For the 10-Gbit/s systems, system vendors may adopt InP-based components in their second-generation OC-192 cards, he said. "People want to take advantage of existing systems, make their OC -192 systems more robust, and to do that they are looking for specific components that make their existing solutions more cost effective. There are a lot of requirements by the large system houses right now for specific components that can take advantage of indium phosphide," Franzosa said.

Technically, there is really nothing quite like indium phosphide. Carriers (holes and electrons) arguably move through it faster than through any semiconducting material known to man, at lower per-transistor power consumption. And it is among the few semiconductor materials that can be fashioned into photonic devices that transmit and receive light.

Aaron Bond is the chief technology officer at T-Networks (Allentown, Pa.), a startup developing optical modulators. "One of the many interesting things about indium phosphide is that it is the only material that exists that can generate, modulate, amplify and receive light at telco wavelengths — 1.55 and 1.3 microns — the very wavelengths that the telecommunications industry uses in its single-mode optical fibers. And it has one of the highest bandwidths for transistors," Bond said.

Cost, followed by power consumption, are the primary concerns of telecom system vendors. The traditional weapon in reducing cost — higher levels of integration — is particularly complex in the InP industry, where both photonic and electronic functions can be brought to bear.

"We are leveraging the semiconductor integration possible in indium phosphide, trying to push the limits of distance, how far InP photonics can go," Bond said.

The modulators from T-Networks, for example, integrate the amplification, modulation, shutter and TAP functions, which turn a continuous-wave laser into a signalling system.

"We will replace a lithium niobate modulator, an external TAP, and an amplifier. We put those in one package, throwing away the cost of those extra packages for three components that don't have to be bought separately. Even if the parts alone would cost the same amount of money, the customer will save on manufacturing: There is no need to place three parts on a board, with an external splice, extra fiber handling — all those things that result in extra costs," Bond said.

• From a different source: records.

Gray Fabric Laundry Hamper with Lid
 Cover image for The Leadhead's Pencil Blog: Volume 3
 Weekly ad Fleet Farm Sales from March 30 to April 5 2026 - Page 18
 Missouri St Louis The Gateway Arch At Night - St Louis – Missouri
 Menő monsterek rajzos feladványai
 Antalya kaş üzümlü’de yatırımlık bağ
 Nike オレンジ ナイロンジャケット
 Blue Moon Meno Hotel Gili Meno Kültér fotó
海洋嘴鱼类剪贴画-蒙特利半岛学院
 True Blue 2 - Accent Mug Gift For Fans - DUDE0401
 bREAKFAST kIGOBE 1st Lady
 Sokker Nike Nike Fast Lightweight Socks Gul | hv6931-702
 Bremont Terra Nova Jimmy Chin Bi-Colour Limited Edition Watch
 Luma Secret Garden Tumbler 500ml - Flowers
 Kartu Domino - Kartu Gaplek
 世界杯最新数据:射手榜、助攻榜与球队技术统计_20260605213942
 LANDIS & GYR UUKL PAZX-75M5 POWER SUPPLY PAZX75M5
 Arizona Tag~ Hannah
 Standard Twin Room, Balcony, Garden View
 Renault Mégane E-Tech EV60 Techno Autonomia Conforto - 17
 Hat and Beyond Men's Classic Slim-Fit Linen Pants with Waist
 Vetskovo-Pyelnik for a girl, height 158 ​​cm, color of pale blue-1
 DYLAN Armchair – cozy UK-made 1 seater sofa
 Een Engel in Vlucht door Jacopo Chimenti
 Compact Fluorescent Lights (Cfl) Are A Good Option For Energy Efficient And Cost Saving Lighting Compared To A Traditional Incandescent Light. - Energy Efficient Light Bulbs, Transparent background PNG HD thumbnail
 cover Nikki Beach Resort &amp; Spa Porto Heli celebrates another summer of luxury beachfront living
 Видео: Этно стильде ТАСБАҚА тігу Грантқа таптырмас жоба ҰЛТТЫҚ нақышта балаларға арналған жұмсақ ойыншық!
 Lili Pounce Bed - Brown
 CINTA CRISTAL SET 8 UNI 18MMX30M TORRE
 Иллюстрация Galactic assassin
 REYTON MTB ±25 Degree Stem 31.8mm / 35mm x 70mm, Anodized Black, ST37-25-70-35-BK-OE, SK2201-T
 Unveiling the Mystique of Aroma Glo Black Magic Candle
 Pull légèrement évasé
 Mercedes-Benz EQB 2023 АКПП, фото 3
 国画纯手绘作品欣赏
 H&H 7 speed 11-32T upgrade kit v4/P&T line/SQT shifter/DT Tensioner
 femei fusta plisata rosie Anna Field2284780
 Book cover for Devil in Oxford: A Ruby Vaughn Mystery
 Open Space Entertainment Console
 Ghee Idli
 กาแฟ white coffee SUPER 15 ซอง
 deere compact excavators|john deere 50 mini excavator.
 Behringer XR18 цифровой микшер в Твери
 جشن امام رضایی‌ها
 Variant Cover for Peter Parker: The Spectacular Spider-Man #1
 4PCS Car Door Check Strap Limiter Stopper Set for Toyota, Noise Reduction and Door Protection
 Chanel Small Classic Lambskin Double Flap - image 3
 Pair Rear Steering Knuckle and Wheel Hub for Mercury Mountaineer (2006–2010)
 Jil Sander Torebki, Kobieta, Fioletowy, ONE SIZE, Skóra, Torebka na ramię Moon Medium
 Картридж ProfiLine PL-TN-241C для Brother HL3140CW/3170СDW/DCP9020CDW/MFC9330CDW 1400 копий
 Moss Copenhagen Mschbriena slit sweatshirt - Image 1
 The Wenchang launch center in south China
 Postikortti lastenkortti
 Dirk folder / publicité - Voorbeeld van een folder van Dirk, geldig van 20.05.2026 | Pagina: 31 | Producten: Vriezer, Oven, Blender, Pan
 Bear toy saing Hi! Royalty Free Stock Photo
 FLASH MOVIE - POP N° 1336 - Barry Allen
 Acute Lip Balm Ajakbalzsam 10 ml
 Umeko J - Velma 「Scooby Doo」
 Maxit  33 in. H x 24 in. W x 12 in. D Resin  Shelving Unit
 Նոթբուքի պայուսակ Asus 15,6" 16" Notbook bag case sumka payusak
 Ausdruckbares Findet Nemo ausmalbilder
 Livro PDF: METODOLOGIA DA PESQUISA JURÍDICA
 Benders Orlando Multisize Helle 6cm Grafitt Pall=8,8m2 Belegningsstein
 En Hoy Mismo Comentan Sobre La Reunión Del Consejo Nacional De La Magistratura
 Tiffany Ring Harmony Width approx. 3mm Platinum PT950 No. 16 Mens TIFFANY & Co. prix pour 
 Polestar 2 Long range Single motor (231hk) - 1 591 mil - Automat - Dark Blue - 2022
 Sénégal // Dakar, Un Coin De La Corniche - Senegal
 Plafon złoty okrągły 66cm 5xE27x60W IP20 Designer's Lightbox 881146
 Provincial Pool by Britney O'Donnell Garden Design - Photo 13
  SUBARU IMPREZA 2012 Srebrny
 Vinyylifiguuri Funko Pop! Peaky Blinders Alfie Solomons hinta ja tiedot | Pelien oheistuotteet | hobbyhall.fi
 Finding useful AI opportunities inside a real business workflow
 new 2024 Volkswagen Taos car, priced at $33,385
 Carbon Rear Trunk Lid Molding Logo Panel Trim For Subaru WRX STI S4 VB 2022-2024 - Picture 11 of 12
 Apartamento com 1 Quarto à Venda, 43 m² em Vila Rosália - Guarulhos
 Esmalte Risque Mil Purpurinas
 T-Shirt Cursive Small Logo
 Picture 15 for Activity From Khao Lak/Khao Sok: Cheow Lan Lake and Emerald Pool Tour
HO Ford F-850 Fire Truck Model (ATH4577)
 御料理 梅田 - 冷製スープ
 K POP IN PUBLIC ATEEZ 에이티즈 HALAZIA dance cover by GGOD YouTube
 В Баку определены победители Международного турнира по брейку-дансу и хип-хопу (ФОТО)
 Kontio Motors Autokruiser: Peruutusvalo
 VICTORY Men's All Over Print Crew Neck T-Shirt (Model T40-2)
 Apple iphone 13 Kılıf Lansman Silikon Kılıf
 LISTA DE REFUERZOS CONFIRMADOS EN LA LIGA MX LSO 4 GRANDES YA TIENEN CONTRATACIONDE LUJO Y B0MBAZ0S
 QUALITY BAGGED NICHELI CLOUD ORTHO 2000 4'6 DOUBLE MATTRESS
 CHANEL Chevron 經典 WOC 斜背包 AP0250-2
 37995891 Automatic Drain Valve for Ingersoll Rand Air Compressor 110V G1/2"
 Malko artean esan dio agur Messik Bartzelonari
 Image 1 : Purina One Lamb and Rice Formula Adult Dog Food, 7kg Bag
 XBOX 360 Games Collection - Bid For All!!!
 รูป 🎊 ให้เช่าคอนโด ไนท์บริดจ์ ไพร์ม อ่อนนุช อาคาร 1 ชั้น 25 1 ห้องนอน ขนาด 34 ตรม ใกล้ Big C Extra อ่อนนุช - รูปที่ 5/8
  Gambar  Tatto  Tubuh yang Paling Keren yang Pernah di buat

For photonics, Bond argues that gallium arsenide-based photonics devices don't work very well for signals that must travel for more than 10 kilometers (six miles). Unlike the difficult-to-handle lithium niobate, indium phosphide is a semiconductor material that takes advantage of batch processing.

Limits to integration
Integration — which follows Moore's Law in the silicon industry — is more complex in indium phosphide. Companies must decide which functions are best handled by CMOS (or SiGe BiCMOS).

And they must decide which photonic functions can best be integrated with the electronics — and which are best kept separate for cost reasons.

Marko Sokolich, a research manager at HRL Labs (Malibu, Calif.), said, "For SiGe, most things are pretty well understood, but indium phosphide still has so much potential. There are so many things we can do with bandgap engineering that indium phosphide has a long way to go. A lot of engineering work on the materials is ahead of us, and when you fiddle with the layers you come up with ways to solve the barriers to speed and breakdown voltage."

Sokolich cautioned that there are practical limits to the combination of high-performance photonics with the high-speed electronics. "You can integrate the photodiode for short-range photonics. But the reason the communications people keep coming back to indium phosphide is for performance reasons — we can get 50-GHz clock rates. And it is going to get cheaper. We can already multiplex a few thousand transistors to do the main functions on the same die."

However, to try to force a high-performance optical function — other than a short-range PIN detector — on the same die with the digital functions would be "wasteful," he said, because the material stack would become too complex, too expensive.

"A 1.55-micron VCSEL (vertical-cavity surface-emitting laser) requires islands of growth four to five layers thick. The process to achieve that is very expensive — 50 percent more to perhaps double the cost. For that reason, technology may move toward more advanced packaging rather than doing all of the photonic and electronic functions on the same substrate," Sokolich said.

"Taking an SoC approach could result in more expensive fabrication, lower performance and a more inflexible choice of components. What you really want is to optimize the components, so you may not even want to add a PIN," he argued.

Lester Eastman, a professor at Cornell University, is considered by many to be the father of the indium phosphide industry. Many of the 110 or so Eastman students who have earned their doctorates at Cornell have gone on to achieve distinction in the compound semiconductor field. More recently, Eastman has focused on gallium nitride, but in the late 1970s and 1980s, his lab was the first to use an molecular beam epitaxy (MBE) system to create InP structures.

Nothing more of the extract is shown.